Der CDU-Vorsitzende Friedrich Merz hält kurz vor den Landtagswahlen in Thüringen und Sachsen eine engagierte Rede vor Mario Voigt und Michael Kretschmer.

Nimmt man Friedrich Merz beim Wort, dann verbieten sich Koalitionen mit dem Bündnis Sahra Wagenknecht prinzipiell. Er hat eine Zusammenarbeit in derart drastischen Worten ausgeschlossen, dass die christdemokratischen Unterhändler in Dresden und Erfurt Wachs in den Ohren haben mussten, um die Fanfare des Vorsitzenden zu überhören. Um keinen Millimeter will man dort ablassen vom „pragmatischen Thüringer Stil“ und von „unserem sächsischen Weg“. So formulieren es die Landesvorsitzenden Mario Voigt und Michael Kretschmer. Der Thüringer will werden, was der Sachse schon ist: Ministerpräsident. In beiden Ländern sind Koalitionen mit dem BSW das Mittel der Wahl.

Kaum beachtet worden ist bisher, wie scharf Merz als Gastredner auf dem Parteitag der CSU eine Zusammenarbeit mit dem BSW ausgeschlossen hat. Hätte das Wort des Vorsitzenden Relevanz, müssten Voigt und Kretschmer ihre Sondierungsgespräche sofort abbrechen. Sie müssten zu Sahra Wagenknecht nach Berlin fahren, wie sie es schon einmal taten, und zerknirscht erklären: Tut uns leid, aber das wird nichts mit uns beiden. Wir Christdemokraten würden unsere Seele verkaufen, wenn wir mit dem BSW koalierten. Alles Gute, Frau Wagenknecht, für Ihren weiteren Lebensweg.

Was nämlich hat Friedrich Merz in Augsburg am 12. Oktober gesagt, als Markus Söder applaudierend in der ersten Reihe saß? Merz erklärte zunächst, warum es keine Zusammenarbeit von CDU oder CSU und AfD geben könne. Die Alternative für Deutschland, so Merz, sei ausländerfeindlich, „in großen Teilen rechtsextremistisch bis hin zur Verfassungswidrigkeit“ und „vor allem in ihrem Kern antisemitisch“. Eine Zusammenarbeit gäbe es „heute nicht, morgen nicht und auch nach der nächsten Bundestagswahl nicht“. Merz fuhr fort: „Das kommt schon aus moralischen Gründen nicht infrage. Wir würden die Seele der Union verkaufen, wenn wir mit solchen Leuten zusammenarbeiten würden.

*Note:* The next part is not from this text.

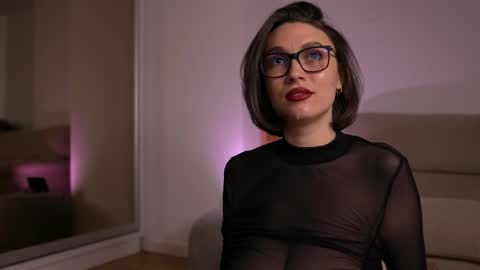 Snapshot of mona_lisss chatting on 04-28-26, 10:42 Mona Lisss online show from 04-28-26, 10:42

Und das Gleiche gilt für das sogenannte Bündnis Sahra Wagenknecht.“

Für Merz ist der Grad an Abscheu identisch, den er für die AfD und das BSW empfindet. Er macht nicht den geringsten Unterschied. Der Brandmauer zur AfD stellt er eine nicht minder hohe zum BSW gegenüber. Eine Koalition von BSW und CDU ist für ihn derselbe Verrat an der Seele der Union, wie es eine Koalition von AfD und CDU wäre. Beide konkurrierende Parteien sind ihm des Teufels. Um das Koalitionsverbot mit dem BSW zu bekräftigen, fügte Merz an: Das BSW sei „die Nachfolgeorganisation der Linkspartei“.

Die BSW-Vorsitzende Sahra Wagenknecht mit Thüringens Spitzenkandidatin Katja Wolf.

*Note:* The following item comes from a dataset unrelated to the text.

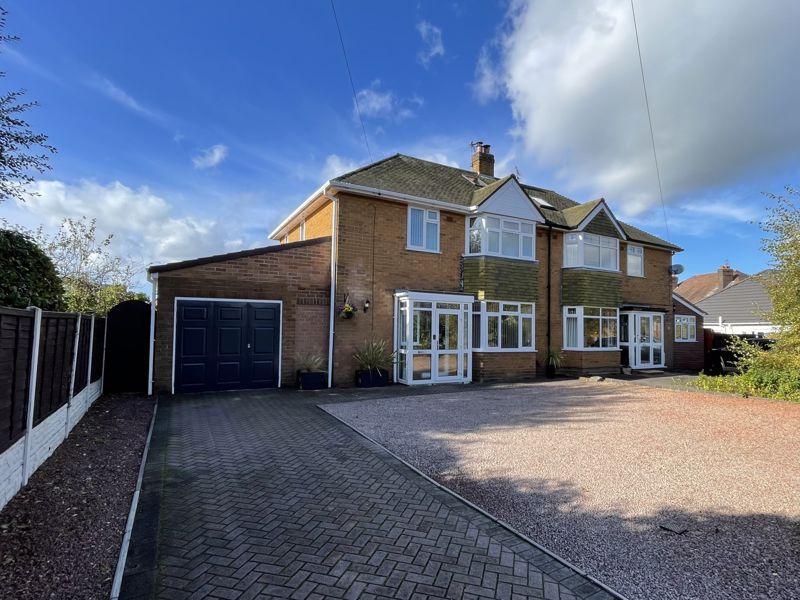 WOMBOURNE, Station Road 4 bed semidetached house £385,000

Damit dehnt Merz den Unvereinbarkeitsbeschluss der CDU mit der Linkspartei auf das BSW aus. Auf keinen Fall, lautet Merzens Botschaft, dürfe seine CDU mit Wagenknechts Bündnis koalieren. Nicht den geringsten Spielraum sieht Merz für Kennenlern-, Sondierungs- oder Koalitionsgespräche – für all jene Formate also, die Voigt und Kretschmer energisch vorantreiben.

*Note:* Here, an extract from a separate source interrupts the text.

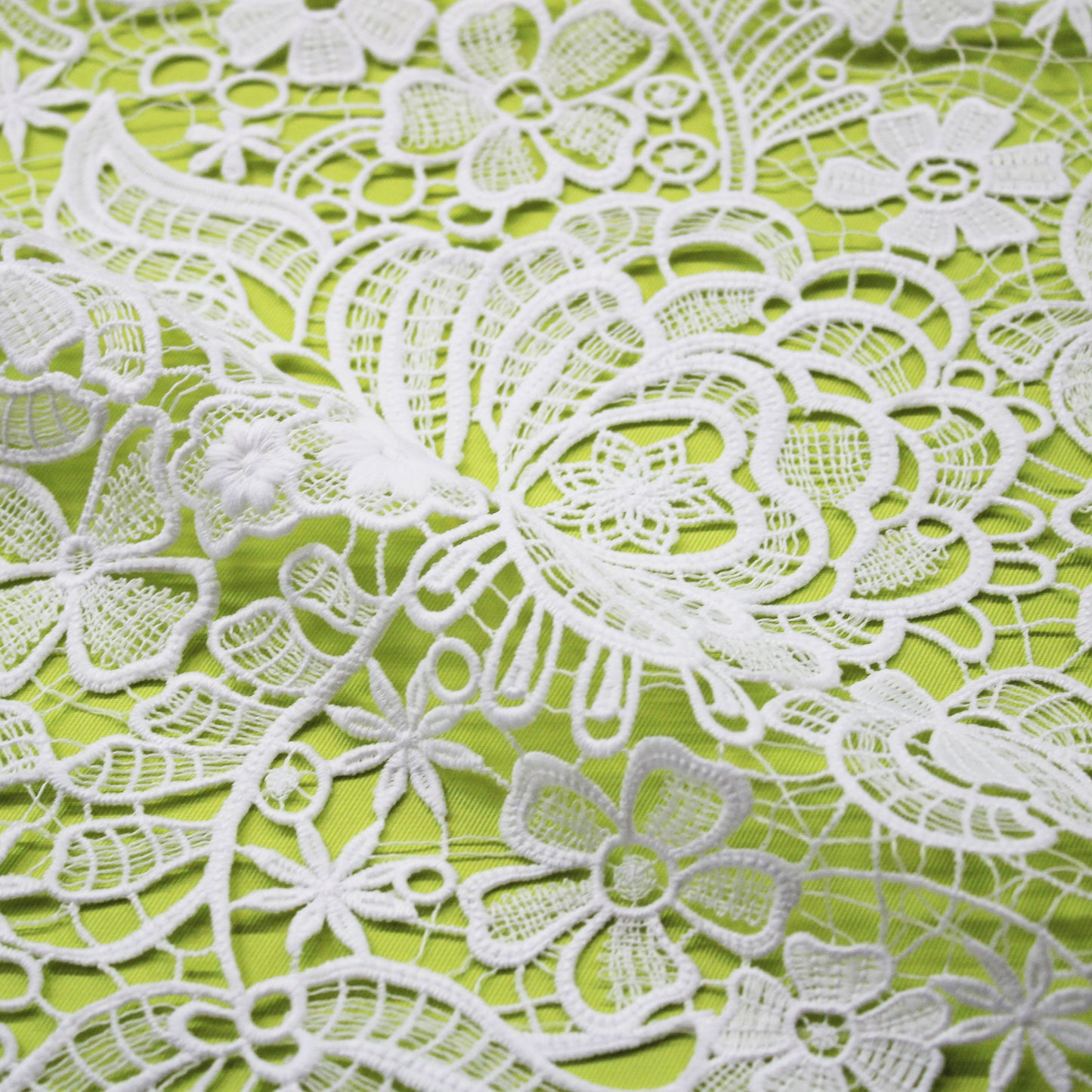Macramé Lace with Floral Motif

Die Worte des Vorsitzenden verhallen ungehört in den Weiten der thüringischen und sächsischen Provinz. Dem Machterhalt und der Machterringung ordnet man dort die programmatische Unverträglichkeit unter. Merzens Veto dringt nur als kurzes Störgeräusch in die Verhandlungsräume.

Voigt stellte dem thüringischen BSW eine Unbedenklichkeitserklärung aus und rechnete öffentlich vor: „Mitglieder des BSW, das sind zwei ehemalige Grüne, zwei ehemalige SPDler, zwei ehemalige CDUler und vier ehemalige Linke, und das ist ein sehr pragmatischer Kurs.“ Für Voigt ist das BSW demnach das, was die gesamte CDU zu sein behauptet: bürgerlich.

Mario Voigt (CDU) und Katja Wolf (BSW) vor der konstituierenden Sitzung des thüringischen Landtags.

Die Gegenposition des Parteivorsitzenden ist nicht erst seit dem Augsburger Parteitag bekannt. Schon Mitte Juni sagte Merz: „Frau Wagenknecht ist in einigen Themen rechtsextrem, in anderen wiederum linksextrem.“ Mit „rechtsextremen und linksextremen Parteien“ arbeite die CDU aber nicht zusammen. Bereits vor vier Monaten also schloss Merz ein Zugehen der Christdemokraten auf das Bündnis Sahra Wagenknecht kategorisch aus. Die Worte verwehten im Wind.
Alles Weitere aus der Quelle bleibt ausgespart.